Wronskian Proof

1. May 4, 2005

dogma

Hello out there.

I'm working on a proof by induction of the Wronskian and need a little boost to get going.

So, here goes:

If $$y_1,...,y_n \in C^n[a,b]$$, then their Wronskian is:

$$Wr(y_1,...,y_n)=det\left(\begin{array}{ccc}y_1&\cdots&y_n\\y_1\prime&\cdots&y_n\prime\\\vdots&\vdots&\vdots\\y_1^{(n-1)}&\cdots&y_n^{(n-1)}\end{array}\right)$$

In general, a set of functions will be linearly independent IFF the Wronskian is not identically zero.

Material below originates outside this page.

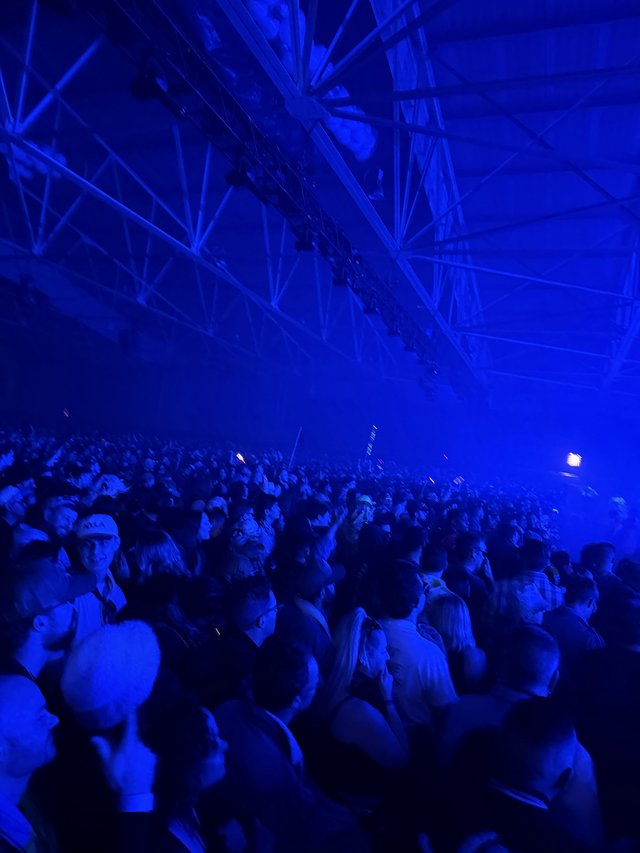 Blue-Lit Crowd at Electronic Music Concert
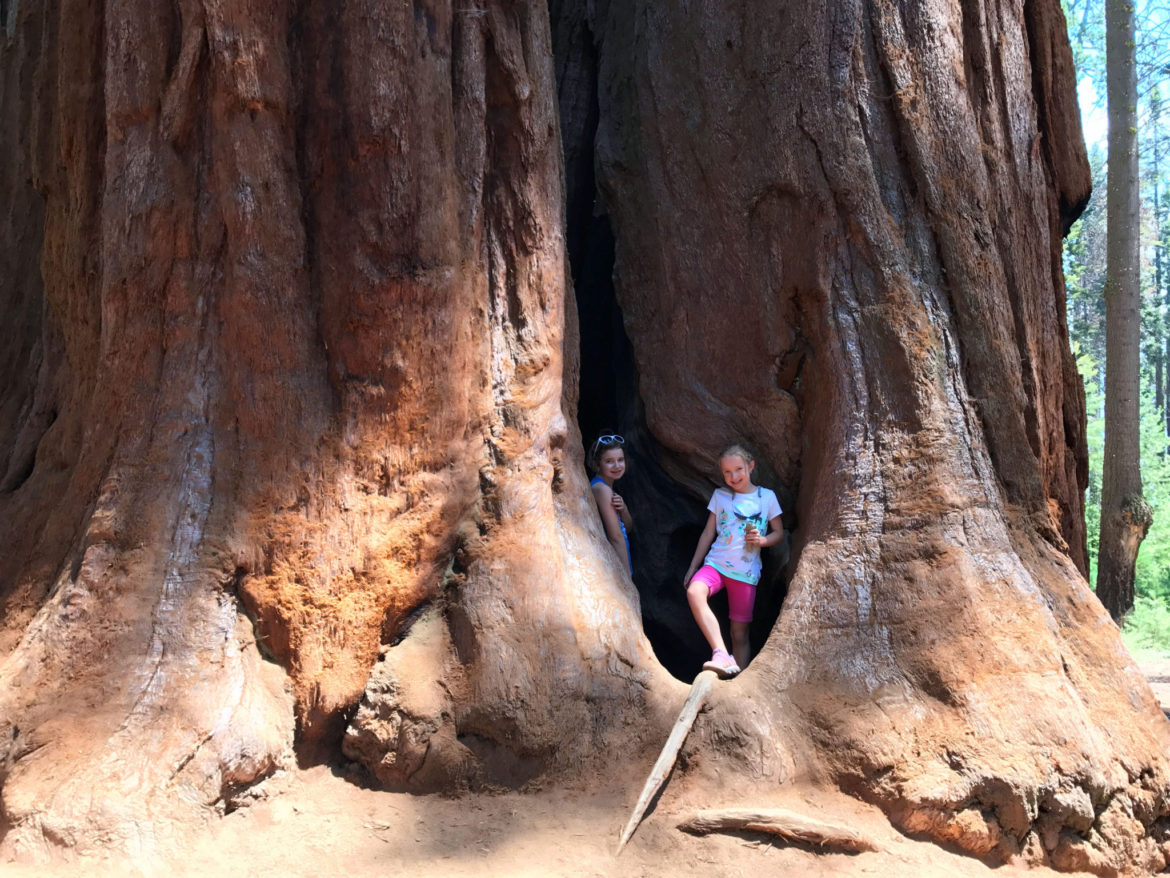 Kids at the Parker Group of giant Sequoias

Prove this for n = 2, that is $$f(x), g(x)$$ are independent IFF

$$\left\vert\begin{array}{cc}f(x)&g(x)\\f^\prime(x)&g^\prime(x)\end{array}\right\vert$$ is not identically zero.

Okay, I think I understand how to prove this in one direction. That is, assuming the $$Wr(f,g) \neq 0$$ and showing that $$f(x), g(x)$$ are independent.

But I'm a little stuck in the assumptions for proving the other direction.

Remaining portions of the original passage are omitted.